You may want to consider a nosql solution like Apache Cassandra. These seem to be ideally suited to your needs. There are many ways to design the algorithm you need in an environment where you can easily add new columns to a table (column family) on the fly, with excellent support for a very sparsely populated table.
edit: one of many possible solutions below:
create a CF(column family ie table) for each category (creating these on-the-fly is quite easy).
Add a row to each category CF for each document belonging to the category.
Whenever a user hits a document, you add a column with named and set it to true to the row. Obviously this table will be huge with millions of columns and probably quite sparsely populated, but no problem, reading this is still constant time.
Now finding a new document for a user in a category is simply a matter of selecting any result from select * where == null.

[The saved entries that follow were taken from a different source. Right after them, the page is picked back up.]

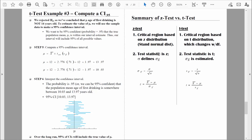With the z-test, we compute a z-statistic and we use the population standard deviation, sigma, to define the standard error of the mean. For the t-test, the test statistic is t, and we have to estimate the standard error of the mean. The formula we use to estimate the standard error of the mean is based on the sample standard deviation. So when we don't have the population standard deviation, we use the sample standard deviation as an estimate. That's the only fundamental difference between the z-test and the t-test.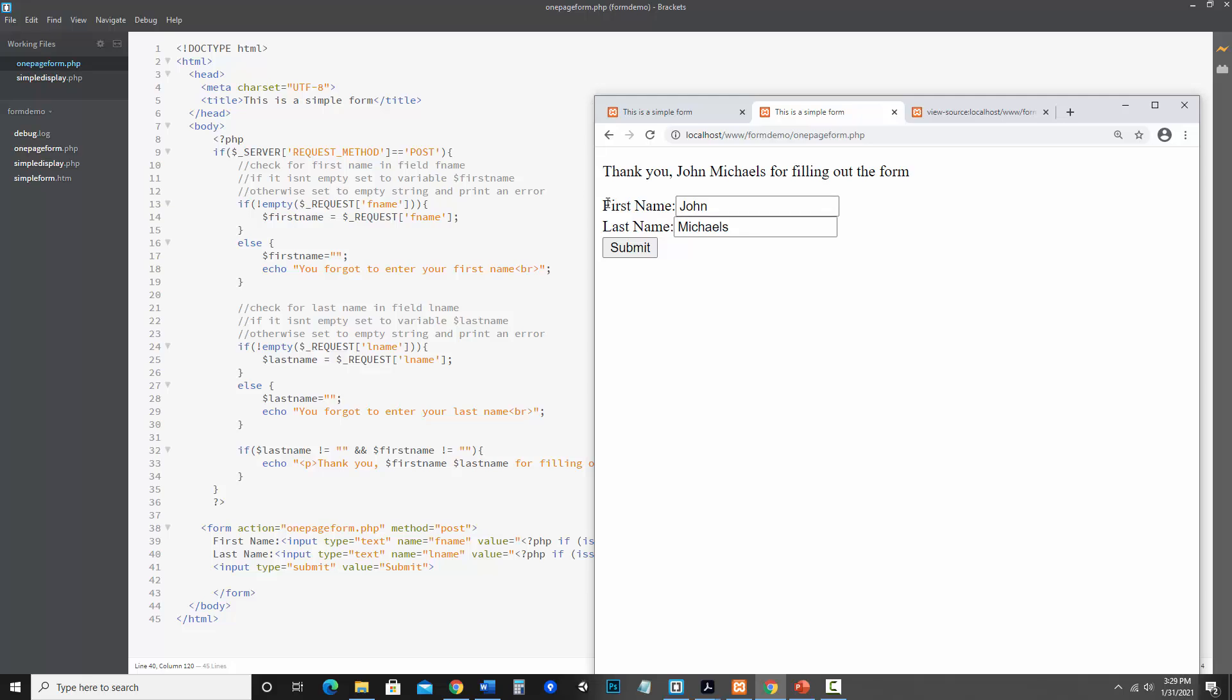And like I said at some point I will be making a video on how to get rid of the form when you're done.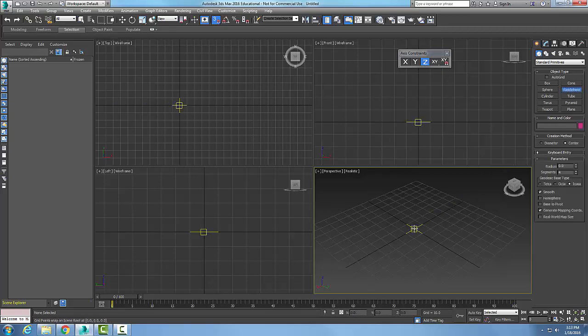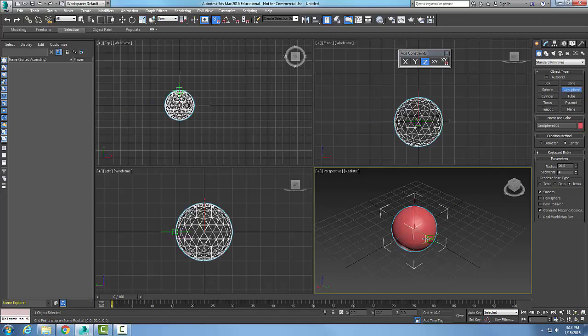We're going to come down and click with our left mouse button, hold it and drag it out and make the radius of our Sphere.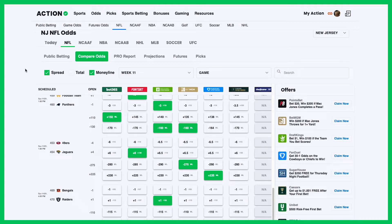It's always been difficult to compare parlay payouts because you have to manually enter all the teams you want to bet at all your different sportsbooks and hope that one spits out a price that's better than the rest. So we added a feature to ActionNetwork.com and the Action Network app that basically allows you to compare parlay odds and only have to input the list of teams that you want to bet once.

You should get constant time writes and reads, amazing scalability, etc if you can accept Cassandra's "eventually consistent" model (ie, it is not mission critical that a user never get a duplicate document)
I've solved similar in the past by indexing the relational database into a document oriented form using Apache Lucene. This was before the recent rise of NoSQL servers and is basically the same thing, but it's still a valid alternative approach.
You would create a Lucene Document for each of your texts with a textId (relational database id) field and multi valued categoryId and userId fields. Populate the categoryId field appropriately. When a user reads a text, add their id to the userId field. A simple query will return the set of documents with a given categoryId and without a given userId - pick one randomly and display it.
Store a users past X selections in a cookie or something.
Return the last selections to the server with the users new criteria
Randomly choose one of the texts satisfying the criteria until it is not a member of the last X selections of the user.
Return this choice of text and update the list of last X selections.
I would experiment to find the best value of X but I have in mind something like an X of say 16?